Here’s everything you need to cover in Mathematics before you begin learning Data Science.
While it comes to programming for data science, Python is the language is used and is definitely, the easiest.
Working with Python
Python is an object-oriented approach and comes with practice in data processing, analysis, and visualization. It is a popular language and easier to grasp as a few lines of code can get the job done. The few widely used libraries with data science are,
NumPy: Almost all numerical calculations in Python are mostly centered around the NumPy package. This package offers users the functionality to create multi-dimensional array objects for the required calculations in Python.
SciPy: SciPy is an extension of the NumPy package and is built on it. This package holds a collection of mathematical algorithms and sophisticated functions that can be used in your programming. SciPy package serves a lot of utilities that are not provided by other libraries like vector quantization, statistical functions, n-dimensional image operations, integration routines, interpolation tools, sparse linear algebra, linear solvers, optimization tools, signal-processing tools, sparse matrices, and more.
MatPlotLib: Like SciPy is built on NumPy, MatPlotLib is built both on SciPy and NumPy. This library is useful to create visual representations of your dataset or data analysis findings.
Working with R
R is an open-source, free statistical software that is widely used across the data science projects. It can be slightly complicated as compared to Python. This source, however, has the power to handle advanced statistical analyses and also, built with advanced data visualization capabilities. The widely used. The following R packages are widely used in data science.

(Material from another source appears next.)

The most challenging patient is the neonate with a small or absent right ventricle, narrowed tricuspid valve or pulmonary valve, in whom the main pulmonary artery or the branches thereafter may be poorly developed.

Forecast: The main idea behind using this package is forecasting functions that can adapt to the use of ARIMA (Auto Regressive Integrated Moving Average) or other univariate time series forecasts.
Mlogit: Mlogit is the abbreviation for a multinomial logit model, in which the observations of one class used to train software that can carry out observations of whose classes are not known. This is the aptest package for logistic regression in R.

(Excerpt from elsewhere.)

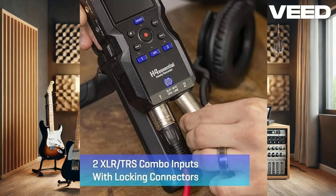Need even more control? The H4 Essential can pair with your iOS device via Bluetooth using the optional BTA-1 adapter. This lets you remotely record, adjust your mix, and even sync timecode for video shoots, making your workflow smoother than ever.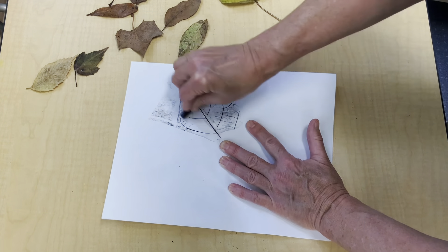Pick any color you want to create a resist on your leaf. A resist is something that repels moisture, like the wax in this crayon. There's really no rule about what color to use or where to color — just do what you want. I decided to use traditional fall colors, but you can use any color, even pink or teal.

ggplot2: This package in R is the fundamental data visualization package in R. With this package you can create data graphics like histograms, scatterplots, bar charts, box plots, and density plots. Not only this, but you also get a wide range of design options like colors, layout, transparency, and line density.

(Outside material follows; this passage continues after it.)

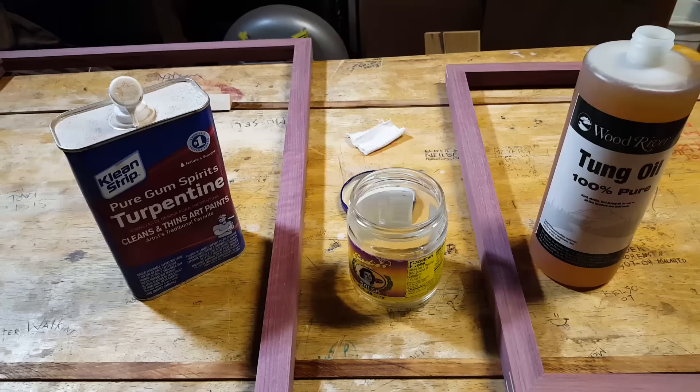Today I'm going to show you how to do a 100% pure tung oil finish the right way.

Also Read: An Overview Of Data Science As Career: FAQs
Working with SQL Queries in Data Science:
SQL or Structured Query Language is a set of rules that help you perform database operations like query, modify, add, or remove data. Knowledge of SQL query helps you handle queries and data manipulation.
A proper understanding of Data query language and data manipulation language will help you perform operations like select, insert, alter, delete, and update based on conditions (or not, when you want to retrieve it all). You can also aggregate data by using groups and order the data using orders. The use of SQL helps you get properly filtered data.
Limiting the coding
At the beginning of the article, it is said that you need to have some knowledge of coding. Well, you need to, but don’t have to be an expert. There are certain applications that will help you complete your project without being an expert in coding. You can use the following, for instance.
Microsoft Excel: This is the king of data handling. You must a little acquainted with it and growing your knowledge in Excel will help you a lot with data management with data science. You can automate a lot of things to do your work.
KNIME: Konstanz Information Miner (or KNIME), is a free and open-source data analytics, reporting, and integration platform. This can be used by beginners for a code-free predictive analysis. It also offers plugins that can be used by various advanced users. This comes to help in doing upsell and cross-sell, customer churn reduction, sentiment analysis, and social network analysis.
These are certain things you need to know as a data science learner. You go step by step and learn data science. Having the required knowledge while moving ahead, will make you a great Data Scientist. Good luck!